I’ll try to configure a watermark on the second table.

Eugenio

> Il giorno 21 set 2023, alle ore 16:30, Schwalbe Matthias 
> <matthias.schwa...@viseca.ch> ha scritto:
> 
> … well yes and no:
> If the second table is a small table used for enrichment, you can also mark 
> it as broadcast table, but I don’t know how to do that on table API
> If the second table has significant data and significant update, the you need 
> to configure watermarking/event time semantics on the second table as well
> The logic is this:
> Your join operator only generates output windows once the event time passes 
> by the end of the time window
> The event time/watermark time of you join operator is the minimum watermark 
> time of all inputs
> Because your second table does not emit watermark, it’s watermark time  
> remains at Long.MinValue, hence also the operator time stays there
> Another way to make progress is, in case your second table does not update 
> watermarks/data often enough, to mark the source with an idle watermark 
> generator in which case it is rendered as ‘timeless’ and does not prevent 
> time progress in your join operator
> Again, not sure how to configure this
>  
> Ancora cari saluti
>  
> Thias
>  
>  
>  
>  
>  
> From: Eugenio Marotti <ing.eugenio.maro...@gmail.com> 
> Sent: Thursday, September 21, 2023 2:35 PM
> To: Schwalbe Matthias <matthias.schwa...@viseca.ch>
> Cc: user@flink.apache.org
> Subject: Re: Window aggregation on two joined table
>  
> Hi Matthias,
>  
> No the second table doesn’t have an event time and a watermark specified. In 
> order for the window to work do I need a watermark also on the second table?
>  
> Thanks
> Eugenio
> 
> 
> Il giorno 21 set 2023, alle ore 13:45, Schwalbe Matthias 
> <matthias.schwa...@viseca.ch <mailto:matthias.schwa...@viseca.ch>> ha scritto:
>  
> Ciao Eugenio,
>  
> I might be mistaken, but did you specify the event time for the second table 
> like you did for the first table (watermark(….))?
> I am no so acquainted with table api (doing more straight data stream api 
> work), but I assume this join and windowing should be by event time.
>  
> What do you think?
>  
> Cari saluti
>  
> Thias
>  
>  
> From: Eugenio Marotti <ing.eugenio.maro...@gmail.com 
> <mailto:ing.eugenio.maro...@gmail.com>> 
> Sent: Thursday, September 21, 2023 8:56 AM
> To: user@flink.apache.org <mailto:user@flink.apache.org>
> Subject: Window aggregation on two joined table 
>  
> Hi,
>  
> I’m trying to execute a window aggregation on two joined table from two Kafka 
> topics (upsert fashion), but I get no output. Here’s the code I’m using:
>  
> This is the first table from Kafka with an event time watermark on 
> ‘data_fine’ attribute:
>  
> final TableDescriptor phasesDurationsTableDescriptor = 
> TableDescriptor.forConnector("upsert-kafka")
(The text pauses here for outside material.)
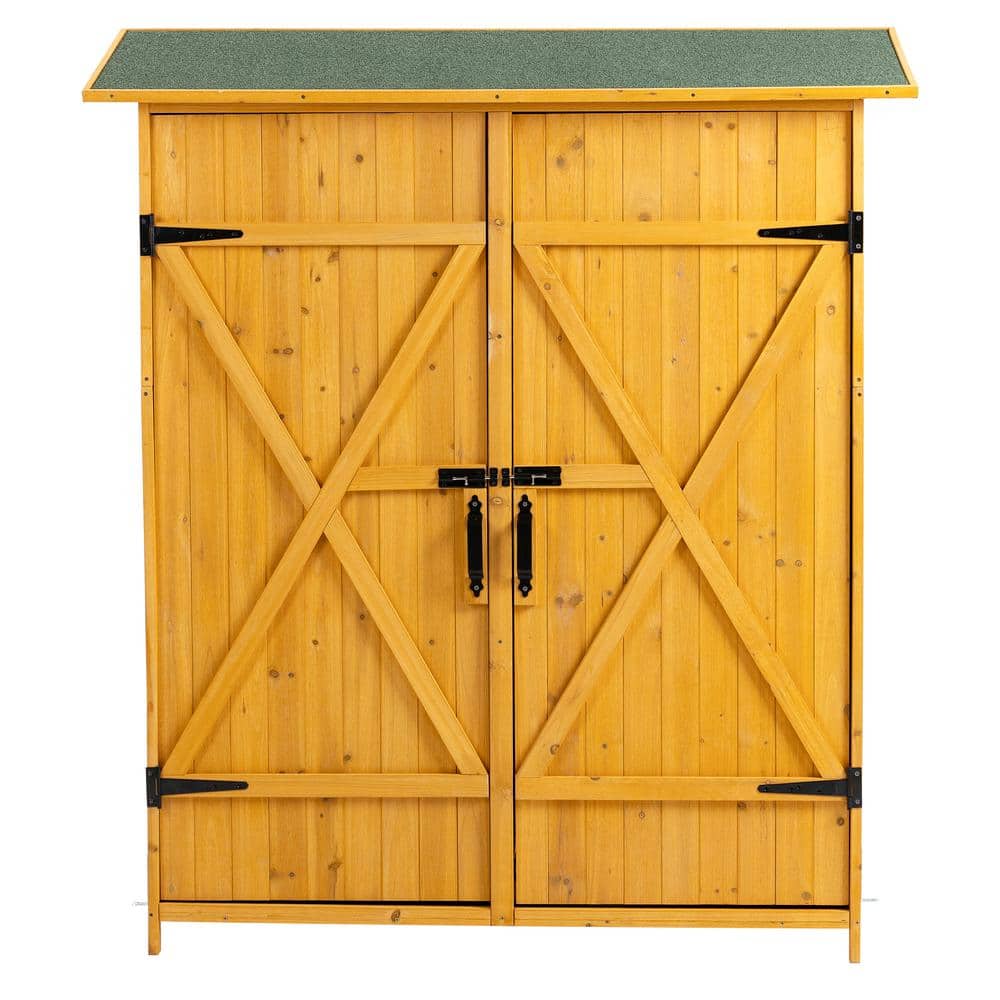 4.7 ft. W x 1.6 ft. D Natural Outdoor Wood Storage Shed Tool Storage Cabinet with Pitch Roof Lockable Door (7.5 sq. ft.)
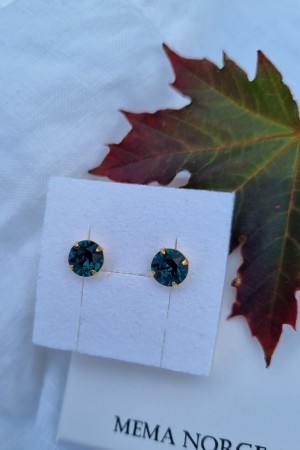 Sølv forgylt ørepynt m/Swarovski crystal, 7mm, KUN 1 par igjen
>        .schema(Schema.newBuilder()
>              .column("id_fascicolo", DataTypes.BIGINT().notNull())
>              .column("nrg", DataTypes.STRING())
>              .column("giudice", DataTypes.STRING())
>              .column("oggetto", DataTypes.STRING())
>              .column("codice_oggetto", DataTypes.STRING())
>              .column("ufficio", DataTypes.STRING())
>              .column("sezione", DataTypes.STRING())
>              .column("fase_completata", DataTypes.BOOLEAN())
>              .column("fase", DataTypes.STRING().notNull())
>              .column("durata", DataTypes.BIGINT())
>              .column("data_inizio", DataTypes.TIMESTAMP_LTZ(3))
>              .column("data_fine", DataTypes.TIMESTAMP_LTZ(3))
>              .watermark("data_inizio", "data_inizio - INTERVAL '1' SECOND")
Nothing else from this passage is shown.